● What the exercise asks:
Some of the lines below need repeating. Reproduce exactly those between the lines holding "Scarlet Red Cashmere" and "TEMU Double Row", inclusive.
*** Exercise material ***
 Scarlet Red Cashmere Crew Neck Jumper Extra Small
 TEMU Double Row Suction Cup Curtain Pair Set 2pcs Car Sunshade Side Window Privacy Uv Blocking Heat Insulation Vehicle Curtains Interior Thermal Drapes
*** End of Exercise material ***
*** Exercise material ***
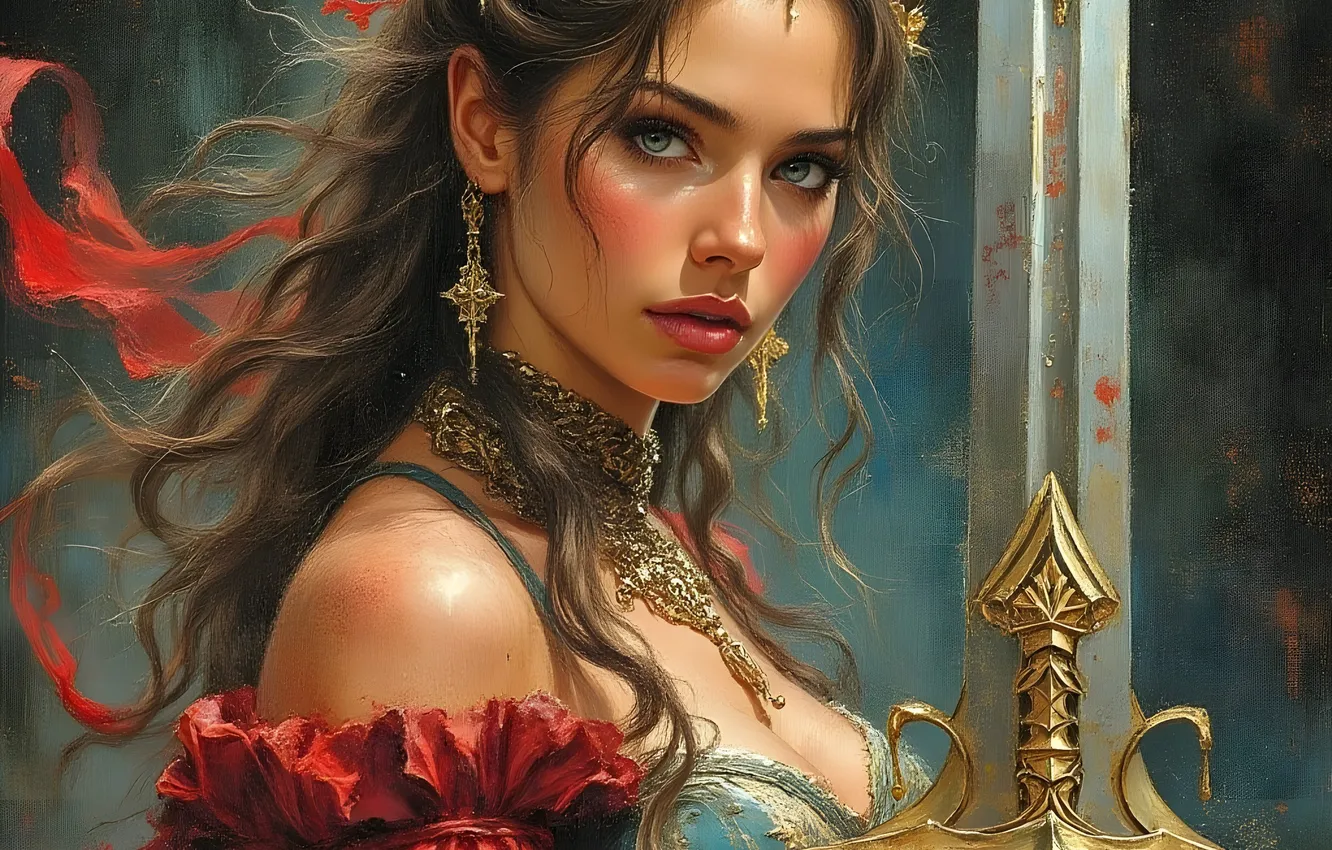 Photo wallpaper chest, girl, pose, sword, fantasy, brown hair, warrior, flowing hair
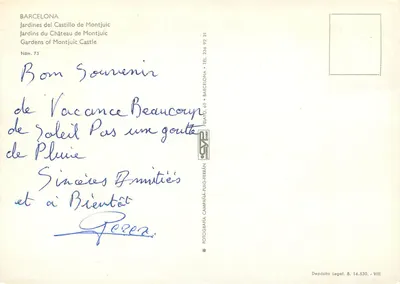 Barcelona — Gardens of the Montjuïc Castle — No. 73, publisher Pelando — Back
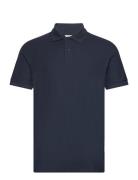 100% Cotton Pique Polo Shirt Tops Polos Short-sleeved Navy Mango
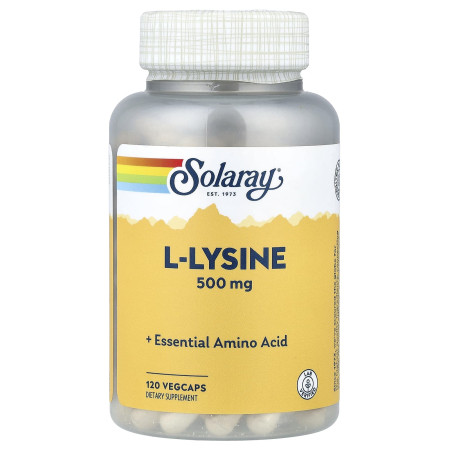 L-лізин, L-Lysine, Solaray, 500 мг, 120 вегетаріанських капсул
*** End of Exercise material ***
*** Exercise material ***
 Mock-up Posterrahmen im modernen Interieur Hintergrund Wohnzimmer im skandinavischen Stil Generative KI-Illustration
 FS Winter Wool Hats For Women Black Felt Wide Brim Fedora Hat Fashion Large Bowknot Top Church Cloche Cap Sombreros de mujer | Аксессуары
*** End of Exercise material ***
● Your solution:
 Scarlet Red Cashmere Crew Neck Jumper Extra Small
 TEMU Double Row Suction Cup Curtain Pair Set 2pcs Car Sunshade Side Window Privacy Uv Blocking Heat Insulation Vehicle Curtains Interior Thermal Drapes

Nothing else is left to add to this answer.